In one of the presidential debates, for example, after Joe Biden said the Roe v. Wade precedent was on the ballot, Donald Trump immediately pushed back. "Why is it on the ballot?" the Republican asked. "Why is it on the ballot? It's not on the ballot."
The same day, Sen. Joni Ernst (R-Iowa) insisted the likelihood of Roe v. Wade being overturned "is very minimal." She added, "I don't see that happening." Sen. Thom Tillis (R-N.C.) used similar rhetoric during his re-election campaign.
As we discussed at the time, the misleading rhetoric at least made tactical sense: the more voters realized how much damage an even-more-conservative Supreme Court was likely to do, the more Republican officials and candidates risked an electoral backlash. It's precisely why so many in the GOP simply pretended that reproductive rights weren't on the line, Roe's future was sound, and Americans could count on the status quo remaining in place.
At least, that was the official Republican line before Amy Coney Barrett's confirmation. Now that the Supreme Court has a six-member conservative majority, and with the justices poised to hear a Mississippi case involving banning abortions after 15 weeks of pregnancy, the party's posture seems awfully different.
Lawyers for the state of Mississippi urged the Supreme Court on [July 22] to overturn Roe v. Wade, taking a more aggressive approach than the one they presented when they asked the court to hear the case a year ago. The case for overturning the two main decisions that legalized abortion in the U.S. — Roe v. Wade in 1973 and a later case, 1992's Planned Parenthood v. Casey — is overwhelming, the state said. "The conclusion that abortion is a constitutional right has no basis in text, structure, history, or tradition," it said.
Late last week, 12 sitting Republican governors also filed a brief with the Supreme Court, asking the justices to overturn Roe.
The same day, 228 Republican members of Congress -- from the House and Senate -- also pressed the Supreme Court to overturn the 1973 precedent.
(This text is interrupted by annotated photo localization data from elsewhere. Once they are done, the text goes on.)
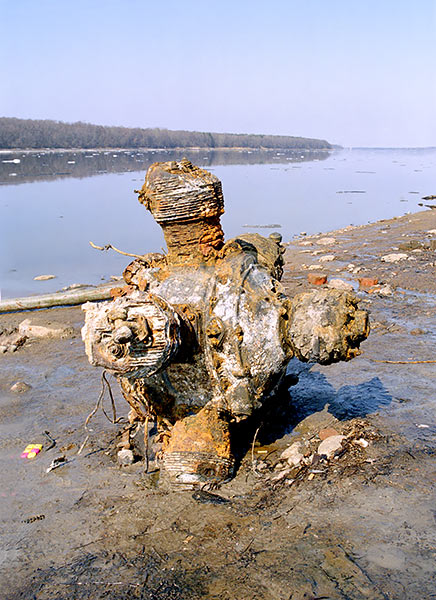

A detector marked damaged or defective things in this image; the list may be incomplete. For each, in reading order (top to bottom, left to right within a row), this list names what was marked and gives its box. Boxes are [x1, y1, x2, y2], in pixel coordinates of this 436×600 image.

corroded metal surface [82, 158, 368, 488]
rusted engine wreck [82, 159, 368, 488]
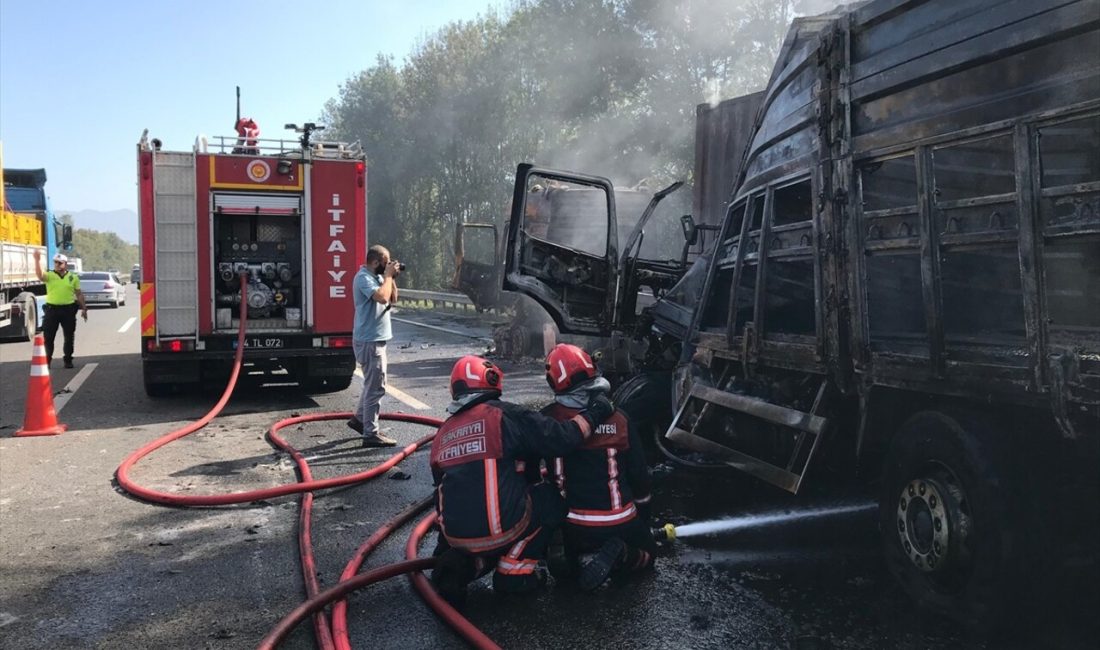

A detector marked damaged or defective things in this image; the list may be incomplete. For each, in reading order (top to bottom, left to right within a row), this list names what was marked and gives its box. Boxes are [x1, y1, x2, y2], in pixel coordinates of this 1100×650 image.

charred cargo trailer [135, 125, 367, 393]
burnt engine compartment [212, 213, 301, 325]
charred cargo trailer [503, 0, 1100, 624]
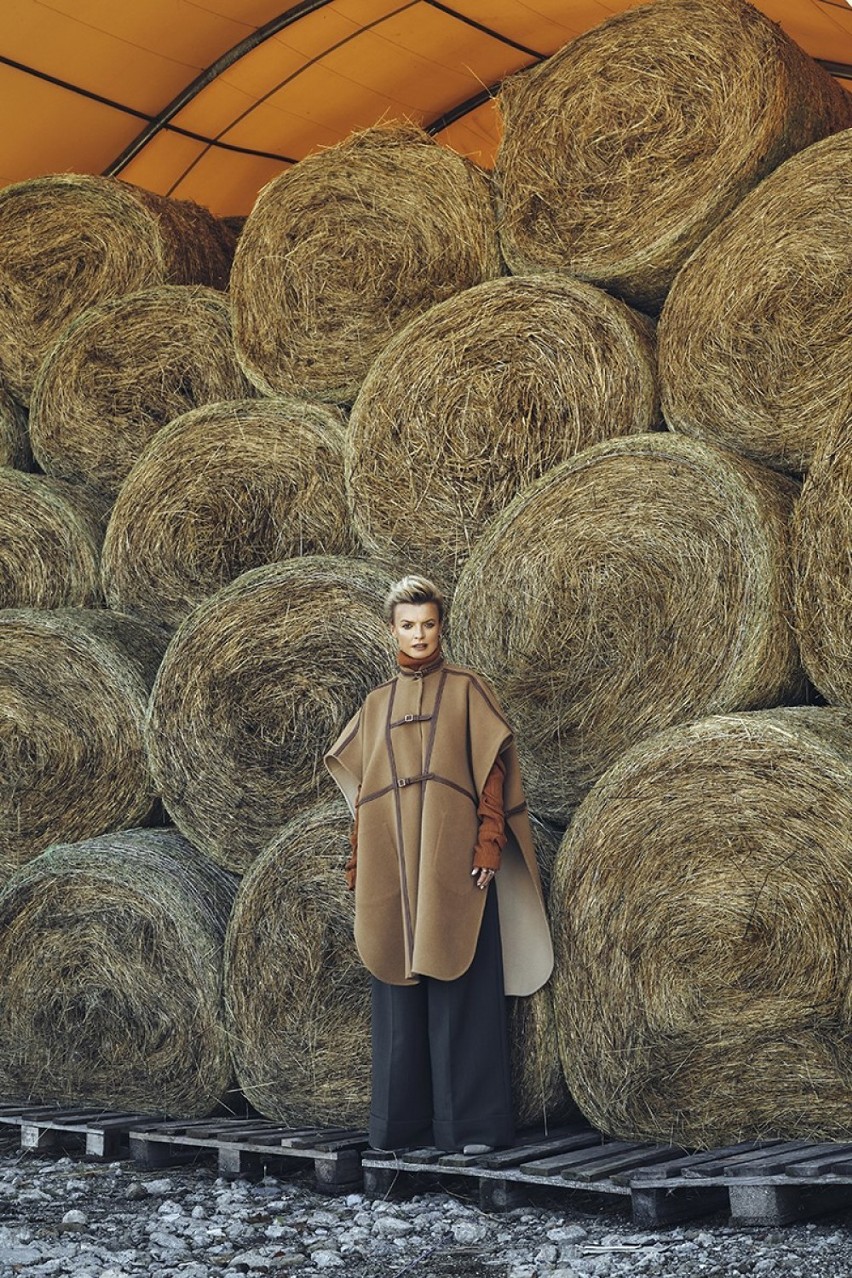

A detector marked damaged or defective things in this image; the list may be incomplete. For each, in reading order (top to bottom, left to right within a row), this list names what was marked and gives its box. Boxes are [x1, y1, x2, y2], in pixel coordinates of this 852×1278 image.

rust turtleneck sweater [342, 648, 506, 888]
Among the signatories were Iowa's Joni Ernst and North Carolina's Thom Tillis -- both of whom downplayed the possibility of this happening while running for re-election.
A cynic might wonder if maybe, just maybe, when Republicans scrambled last fall to tell voters the Barrett confirmation fight had nothing to do with abortion and reproductive rights, they weren't being completely honest with the public.